Coś Wam to, co napisałam do tej pory, przypomina? Setki niewidzianych nigdy na oczy "przyjaciół" zwracających się do Was po imieniu i znających Wasze potrzeby lepiej niż Wy sami?
Co powiecie na reklamy telefoniczne? (À propos – wiecie, dlaczego Polka w Izraelu odpowiada dopiero po piątym dzwonku na telefon? Żeby myśleli, że ma duże mieszkanie.) Muszę się Wam pochwalić. Ja mam je z głowy. Kiedy spece od marketingu słyszą w słuchawce moje: "halo?" 95% z nich pyta się: "Czy mama jest w domu"? "Nie" – odpowiadam zgodnie z prawdą i odkładam słuchawkę, męcząc się później przez cały dzień tym czy przypadkiem nie była to jakaś znajoma, której głosu nie rozpoznałam lub czy może nie był to mój "tajemniczy wielbiciel", który jeszcze do tego ranka nie istniał i nagle chciał się ujawnić dzwoniąc do mnie?

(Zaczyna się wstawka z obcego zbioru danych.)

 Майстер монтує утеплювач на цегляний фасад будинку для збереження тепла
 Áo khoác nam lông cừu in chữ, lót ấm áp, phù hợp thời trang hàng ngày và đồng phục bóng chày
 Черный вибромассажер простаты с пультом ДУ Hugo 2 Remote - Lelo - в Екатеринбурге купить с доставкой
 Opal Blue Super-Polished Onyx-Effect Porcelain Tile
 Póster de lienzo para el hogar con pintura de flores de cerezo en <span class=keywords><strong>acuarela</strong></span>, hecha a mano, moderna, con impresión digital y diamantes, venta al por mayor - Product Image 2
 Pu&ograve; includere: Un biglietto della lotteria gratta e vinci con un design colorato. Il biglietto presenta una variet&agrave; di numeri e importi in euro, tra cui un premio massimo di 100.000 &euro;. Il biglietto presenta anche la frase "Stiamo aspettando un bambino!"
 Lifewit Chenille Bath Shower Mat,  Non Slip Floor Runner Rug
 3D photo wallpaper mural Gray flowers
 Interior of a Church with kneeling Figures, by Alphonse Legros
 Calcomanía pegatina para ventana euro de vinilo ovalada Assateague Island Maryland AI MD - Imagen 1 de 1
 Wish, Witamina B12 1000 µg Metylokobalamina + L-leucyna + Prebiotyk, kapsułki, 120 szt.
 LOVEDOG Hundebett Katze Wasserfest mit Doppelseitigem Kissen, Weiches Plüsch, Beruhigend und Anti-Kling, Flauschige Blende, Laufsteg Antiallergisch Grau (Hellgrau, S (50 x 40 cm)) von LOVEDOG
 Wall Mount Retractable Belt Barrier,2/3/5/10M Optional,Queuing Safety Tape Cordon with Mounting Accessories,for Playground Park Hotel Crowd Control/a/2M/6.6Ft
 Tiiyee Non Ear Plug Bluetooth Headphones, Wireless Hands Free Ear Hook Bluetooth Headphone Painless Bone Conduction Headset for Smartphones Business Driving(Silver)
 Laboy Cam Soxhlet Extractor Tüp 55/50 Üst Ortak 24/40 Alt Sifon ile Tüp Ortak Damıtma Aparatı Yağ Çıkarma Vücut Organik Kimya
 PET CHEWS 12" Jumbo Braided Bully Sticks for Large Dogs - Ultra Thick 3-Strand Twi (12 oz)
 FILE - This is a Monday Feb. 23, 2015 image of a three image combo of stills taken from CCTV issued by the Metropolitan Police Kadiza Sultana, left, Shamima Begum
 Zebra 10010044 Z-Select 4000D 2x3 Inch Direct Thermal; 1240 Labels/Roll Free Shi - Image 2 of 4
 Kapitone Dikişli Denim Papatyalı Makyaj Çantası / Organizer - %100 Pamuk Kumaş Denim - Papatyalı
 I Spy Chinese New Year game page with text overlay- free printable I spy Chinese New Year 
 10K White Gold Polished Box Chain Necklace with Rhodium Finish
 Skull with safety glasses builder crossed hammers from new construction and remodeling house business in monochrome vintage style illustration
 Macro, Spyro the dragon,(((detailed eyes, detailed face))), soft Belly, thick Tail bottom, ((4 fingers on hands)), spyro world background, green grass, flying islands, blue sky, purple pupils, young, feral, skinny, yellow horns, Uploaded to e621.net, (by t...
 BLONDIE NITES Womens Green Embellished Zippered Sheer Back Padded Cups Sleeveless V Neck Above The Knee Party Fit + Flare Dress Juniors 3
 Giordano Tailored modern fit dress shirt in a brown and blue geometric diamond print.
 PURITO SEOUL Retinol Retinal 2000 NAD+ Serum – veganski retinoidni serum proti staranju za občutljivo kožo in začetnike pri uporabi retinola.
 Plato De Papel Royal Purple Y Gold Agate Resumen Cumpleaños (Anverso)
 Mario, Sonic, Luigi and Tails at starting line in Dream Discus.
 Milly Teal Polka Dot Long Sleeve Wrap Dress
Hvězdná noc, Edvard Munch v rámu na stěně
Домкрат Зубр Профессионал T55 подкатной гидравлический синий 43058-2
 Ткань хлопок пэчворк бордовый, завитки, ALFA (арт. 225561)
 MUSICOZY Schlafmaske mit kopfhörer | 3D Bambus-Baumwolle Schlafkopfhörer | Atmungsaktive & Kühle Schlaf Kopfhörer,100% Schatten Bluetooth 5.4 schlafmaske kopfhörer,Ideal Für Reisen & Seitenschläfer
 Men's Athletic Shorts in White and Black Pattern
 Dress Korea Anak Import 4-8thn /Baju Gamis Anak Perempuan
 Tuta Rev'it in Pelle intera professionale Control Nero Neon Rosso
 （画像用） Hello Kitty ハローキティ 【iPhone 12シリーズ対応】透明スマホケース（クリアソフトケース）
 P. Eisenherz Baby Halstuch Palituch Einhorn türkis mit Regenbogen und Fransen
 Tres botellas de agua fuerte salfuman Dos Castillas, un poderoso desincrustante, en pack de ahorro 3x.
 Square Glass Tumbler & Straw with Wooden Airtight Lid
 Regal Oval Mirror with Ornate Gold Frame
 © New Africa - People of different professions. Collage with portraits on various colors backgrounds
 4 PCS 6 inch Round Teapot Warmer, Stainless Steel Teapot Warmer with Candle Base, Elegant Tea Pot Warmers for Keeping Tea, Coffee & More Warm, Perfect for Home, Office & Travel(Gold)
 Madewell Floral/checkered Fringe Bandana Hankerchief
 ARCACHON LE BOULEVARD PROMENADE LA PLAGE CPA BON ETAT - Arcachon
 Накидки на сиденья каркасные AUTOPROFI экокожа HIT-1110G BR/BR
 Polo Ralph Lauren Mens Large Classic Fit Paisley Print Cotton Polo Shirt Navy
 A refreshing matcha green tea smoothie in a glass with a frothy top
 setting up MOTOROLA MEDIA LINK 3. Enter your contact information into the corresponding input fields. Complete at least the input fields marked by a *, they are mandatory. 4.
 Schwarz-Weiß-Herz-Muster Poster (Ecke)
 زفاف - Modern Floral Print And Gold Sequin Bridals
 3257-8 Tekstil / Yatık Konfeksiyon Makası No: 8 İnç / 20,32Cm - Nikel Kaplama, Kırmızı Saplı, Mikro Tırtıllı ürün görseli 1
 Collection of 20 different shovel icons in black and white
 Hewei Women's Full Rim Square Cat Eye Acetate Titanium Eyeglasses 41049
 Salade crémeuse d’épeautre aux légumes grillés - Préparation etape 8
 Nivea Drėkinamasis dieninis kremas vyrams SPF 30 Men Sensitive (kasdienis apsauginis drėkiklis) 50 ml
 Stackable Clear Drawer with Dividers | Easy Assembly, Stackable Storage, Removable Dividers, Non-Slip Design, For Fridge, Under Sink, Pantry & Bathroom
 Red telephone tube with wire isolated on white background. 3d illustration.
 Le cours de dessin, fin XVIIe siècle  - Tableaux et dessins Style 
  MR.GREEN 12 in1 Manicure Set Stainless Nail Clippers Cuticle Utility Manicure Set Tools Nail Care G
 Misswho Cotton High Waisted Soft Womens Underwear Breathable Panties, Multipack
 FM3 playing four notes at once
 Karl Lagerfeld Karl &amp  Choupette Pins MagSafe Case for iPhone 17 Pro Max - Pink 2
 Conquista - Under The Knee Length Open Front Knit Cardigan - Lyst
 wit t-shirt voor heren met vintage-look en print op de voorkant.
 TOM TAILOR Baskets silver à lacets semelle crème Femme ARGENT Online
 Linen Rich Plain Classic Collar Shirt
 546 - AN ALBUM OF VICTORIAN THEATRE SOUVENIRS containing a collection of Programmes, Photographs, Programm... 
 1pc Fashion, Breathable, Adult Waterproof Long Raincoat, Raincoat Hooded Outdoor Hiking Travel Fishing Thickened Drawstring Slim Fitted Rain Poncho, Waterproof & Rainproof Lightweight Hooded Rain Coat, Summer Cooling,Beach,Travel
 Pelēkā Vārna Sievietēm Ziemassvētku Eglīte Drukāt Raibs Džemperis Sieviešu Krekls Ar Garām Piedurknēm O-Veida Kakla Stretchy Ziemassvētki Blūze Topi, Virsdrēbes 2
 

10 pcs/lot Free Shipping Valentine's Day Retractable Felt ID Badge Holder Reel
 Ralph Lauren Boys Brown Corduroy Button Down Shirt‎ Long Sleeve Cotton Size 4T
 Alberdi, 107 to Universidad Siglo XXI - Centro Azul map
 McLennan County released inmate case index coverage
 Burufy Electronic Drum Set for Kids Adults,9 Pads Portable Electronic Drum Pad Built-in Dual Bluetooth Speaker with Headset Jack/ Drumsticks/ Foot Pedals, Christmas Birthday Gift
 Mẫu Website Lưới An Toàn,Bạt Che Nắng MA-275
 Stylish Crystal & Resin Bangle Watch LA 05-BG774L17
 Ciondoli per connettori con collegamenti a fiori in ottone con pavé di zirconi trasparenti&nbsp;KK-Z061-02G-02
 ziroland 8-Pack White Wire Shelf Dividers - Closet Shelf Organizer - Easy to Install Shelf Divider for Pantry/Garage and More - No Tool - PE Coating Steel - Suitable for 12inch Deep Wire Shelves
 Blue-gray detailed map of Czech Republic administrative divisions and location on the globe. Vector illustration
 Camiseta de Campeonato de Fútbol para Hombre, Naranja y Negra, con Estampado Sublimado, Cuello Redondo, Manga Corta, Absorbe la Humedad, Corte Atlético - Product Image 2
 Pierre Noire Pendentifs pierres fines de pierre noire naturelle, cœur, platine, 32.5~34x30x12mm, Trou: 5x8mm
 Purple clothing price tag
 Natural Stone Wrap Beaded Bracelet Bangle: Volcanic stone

Niestety, kiedy ulegam pokusie i głębokim, aksamitnym głosem (cholera, jak to powinno brzmieć w rzeczywistości? Ktoś może wie?) odpowiadam "HALOOO?" – mój rycerz ze słuchawką w ręku, okazuje się panem, który chce mi sprzedać coś, nakłonić do czegoś (nie, niestety nie do tego…) czy uświadomić mnie w kwestii niezbędnej konieczności praktycznego i taniego sposobu spędzania wakacji na Karaibach, w moim własnym - na dwa tygodnie - mieszkanku, w kompleksie hotelowym, nie podając przy tym, żadnego patentu na szybką teleportację prosto do tego raju, nie mówiąc już o pieniądzach na zakup apartamentu. Poza tym, zakładając nawet, że dałabym się przekonać do kupna, to…, co ja na tych cudownych wyspach robiłabym przez całe dwa tygodnie, rok po roku? Jeśli nie umarłabym szybko z nudów czy poparzenia słonecznego, to na pewno z powodu kłopotów finansowych, w jakie popadłabym mając w pobliżu jakikolwiek sklep. Ciężko mi, bowiem odmawiać stojącemu przede mną człowiekowi starającemu się przekonać mnie do kupna i często wracam ze sklepu z niepotrzebnymi rzeczami, bo przykro było mi zawieść panią, która nawyciągała się dla mnie ciuchów, naskładała, pilnie przypilnowała nie dając sekundy na ucieczkę i na koniec oświadczyła, że muszę kupić tę: za małą, za ciasną sukienkę w okropnym kolorze - moja wersja, jej – idealnie dopasowaną do mojej świetnej figury, sukienkę podreślającą błękit moich oczu - w rzeczywistości ten "błękit" jest: w wersji optymistycznej - niebiesko-zielony a w wersji realistycznej: szary - bo wyglądam w niej po prostu FANTASTYCZNIE!!!! (Szkoda, że nie ożeniłam się z ta panią zamiast z moim mężem…).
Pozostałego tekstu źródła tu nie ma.